Julie Motz's initial experience with Macrobiotics

an excerpt from her book Hands of Life (1998):

     [I]n the summer of 1985, the Gilligans' only child, Patrick, was diagnosed with a brain tumor.  It threw us all into a state of shock, and he was quickly swept up into the medical world of surgery and radiation.  Michelle Clifton remembered reading a book about some kind of diet that had saved the life of a cancer patient, and I was soon in a bookstore, tracking down Anthony Satillero's Recalled by Life.  Just beside it I noticed The Cancer Prevention Diet, by Michio Kushi and Alex Jack, and decided on impulse to buy that as well.
     I read them both in two days and emerged from the glut of words and information hopeful, if a little stunned.  Satillero's book recounted the story of his recovery from a near-fatal cancer, due to a chance encounter with some hitchhikers who turned him on to a strange diet consisting mostly of whole grains, vegetables, beans, something called miso soup, and (ugh, yes) seaweed!  As an anesthesiologist and administrator at a major Philadelphia hospital, he was not at all temperamentally or intellectually inclined toward a dietary approach.  But his scans had been getting worse and worse, his energy was failing, and he was desperate.  He later returned to the health food store where he had dropped them off, to be inducted into the strange (and as it turned our, life-saving) practice of macrobiotics.

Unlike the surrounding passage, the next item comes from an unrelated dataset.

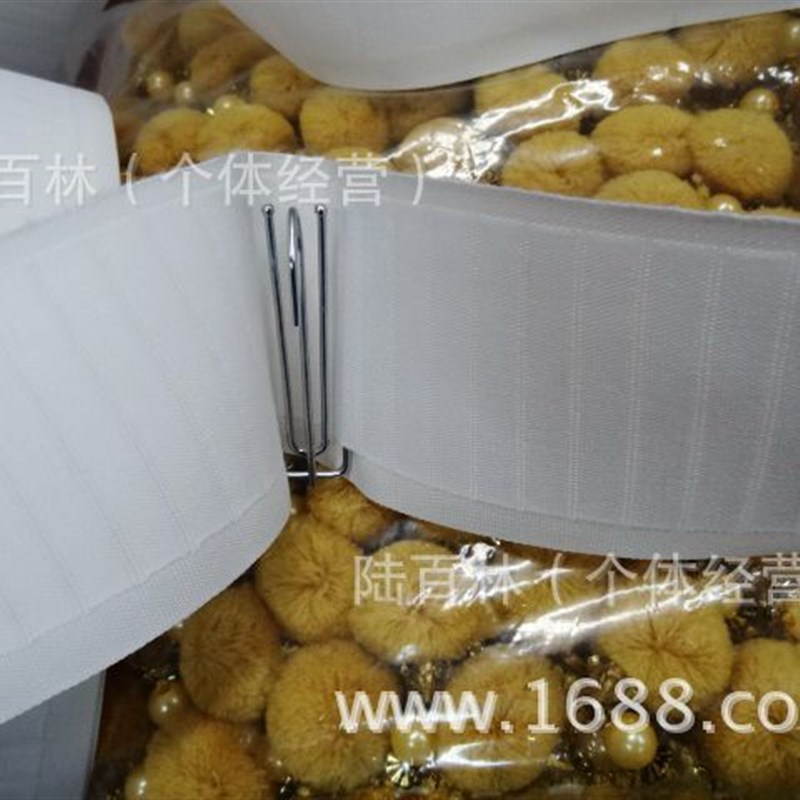 窗帘布带窗帘配件 窗帘辅料 天象帆布腰带上浆穿钩帆布腰带窗帘装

     In Micho Kushi's book I read with horror all about what the great American diet (or my version of it, which inclined more heavily toward Diet Coke than Twinkies) was doing to my body and my emotional well-being.

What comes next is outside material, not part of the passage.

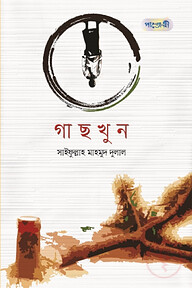 গাছখুন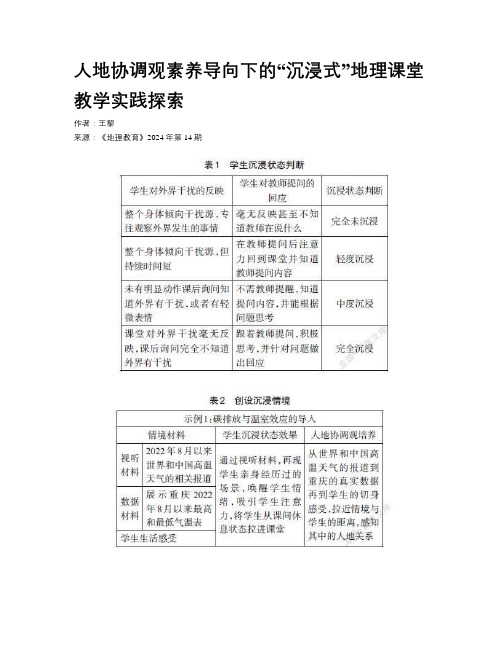 人地协调观素养导向下的“沉浸式”地理课堂教学实践探索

     Kushi puts forth the simple argument that cancer, like all forms of disease, represents an imbalance in the body.  A tumor represents the body's attempt to limit the expression of that imbalance to one area, so the rest of the body can continue to function.  The most effective way to heal is to restore balance, and the key to doing that is to have a diet that allows the body to function easily and efficiently, wasting no extra energy on getting rid of unnecessary, unnatural, and toxic substances.
     Until that time I had blithely assumed that one of Nature's greatest miracles was the ability to take whatever I ate and magically turn it into more of me.  My only concern, like that of so many American women, was that it sometimes made it into much more of me than I wanted to be carrying around.  Now I was discovering that with almost every mouthful, I was slowly but surely shortening my life.
     Never one to embrace half-measures, I threw myself into the rituals of macrobiotic cooking, starting with the recipes at the back of Kushi's book.  I figured I could make myself do just about anything for three months, and at the end of that time, I could evaluate its effects and see if I wanted to continue.  So after shelling out a couple hundred dollars for the requisite equipment (pressure cooker, stainless steel pots and pans, really sharp knives, and sushi mats), I launched into a regime that seemed at first to fill up my life with shopping for food, washing food, cutting food, cooking food, chewing food (at least a hundred times each mouthful), washing dishes, and then going out to shop for food again.
     Within three weeks I noticed some remarkable changes.  For one, my lifelong insomnia had vanished.  I, who hadn't slept soundly for two nights in a row since childhood, was putting my head down on the pillow and drifting off almost immediately for a solid eight hours, night after blissful night.  My swimming time had improved, and all kinds of little aches and pains I had developed from weight training just disappeared.  I could actually lower myself into the bathtub at the end of the day without creaking.  Finally, my mood swings were gone--the ones that came along out of nowhere, with little voices urging me to step in front of a truck on a beautiful sunny day.